The Haramain Foundation had an office and three staff in Baku, in a pleasant if somewhat shabby villa with a garden. It was more than a charity.* Its staff – a Tunisian dentistry student called Fathi and two Palestinian students from Lebanon – had a direct link to the leadership of the Chechen resistance and were organizing supply convoys through Dagestan to a commander called Ibn al-Khattab.** The Azeri authorities seemed well aware that the Baku branch of Haramain was doing more than caring for refugees, but a senior intelligence officer and a prominent politician were also on the payroll, to the tune of $70,000 a month. We were not harassed.

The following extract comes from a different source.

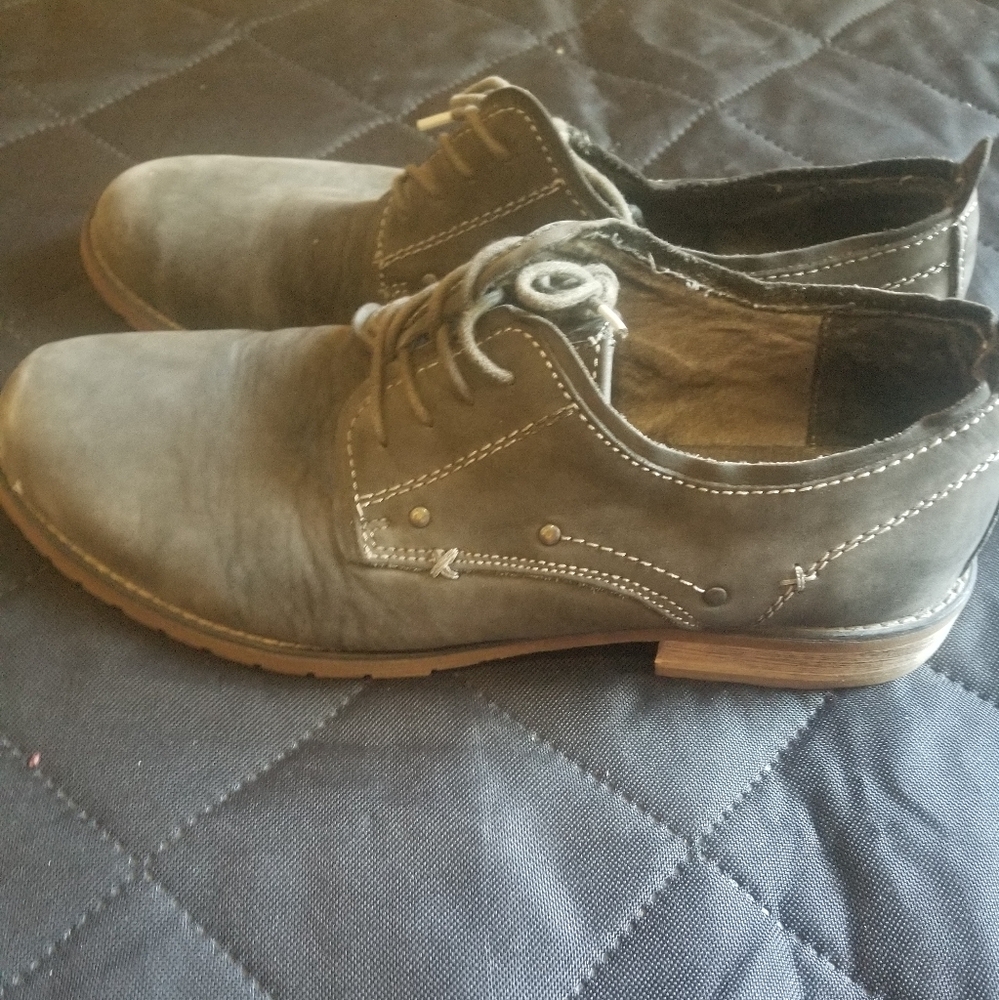 BedStu handmade Grey suede shoes. Size 11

The snows of the Caucasus Mountains made travel to Chechnya impossible for several months, but the staff needed my help in the office – to cook the books. I spent my first few days there inventing the names of volunteers so we could get more funding. There were plenty of other book-keeping tricks, and they worked well until we heard that someone was coming from Haramain head office
to check on the operation. We had claimed to be looking after 11,000 refugees; in fact it was closer to 5,000. So once the delegation had visited one camp, we moved thousands of bewildered refugees to another to ‘make up the numbers’.**
We also made the most of Baku’s reputation as the windy city by pulling down tents and making children cry, then videoing the fabricated calamity and sending it to Haramain’s headquarters with a plea for more money for shelters. A pliable local doctor falsified certificates for various fictional procedures, with invoices attached. We were raking in six figures every month, enough to pay off our Azeri patrons and buy supplies for the Chechen resistance.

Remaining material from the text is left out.